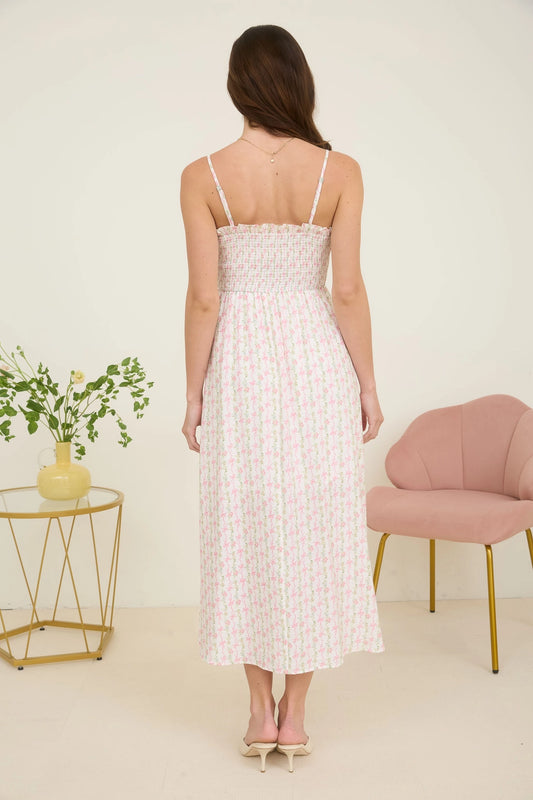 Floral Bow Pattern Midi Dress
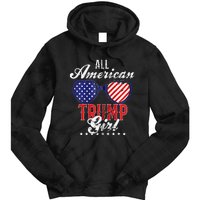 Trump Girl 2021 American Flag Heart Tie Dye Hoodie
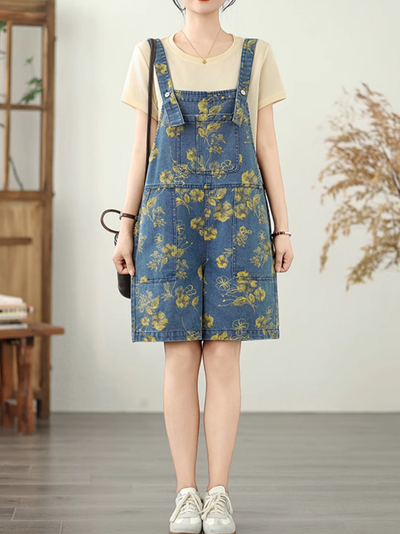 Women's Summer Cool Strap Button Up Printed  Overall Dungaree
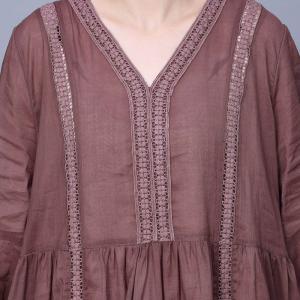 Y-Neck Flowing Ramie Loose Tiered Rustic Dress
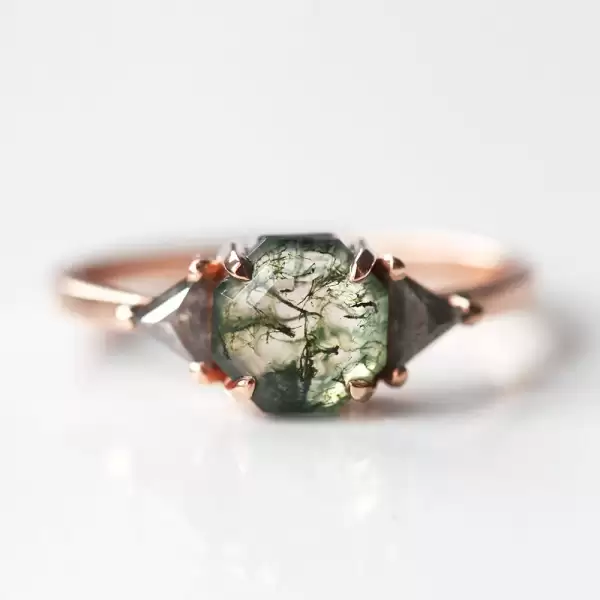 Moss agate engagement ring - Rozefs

================

→ How to complete this task
The task requires restating verbatim the lines from the one that holds "Women's Summer Cool" through the end of the listing, both ends counted, and no pictures.

→ Answer below
 Women's Summer Cool Strap Button Up Printed  Overall Dungaree
 Y-Neck Flowing Ramie Loose Tiered Rustic Dress
 Moss agate engagement ring - Rozefs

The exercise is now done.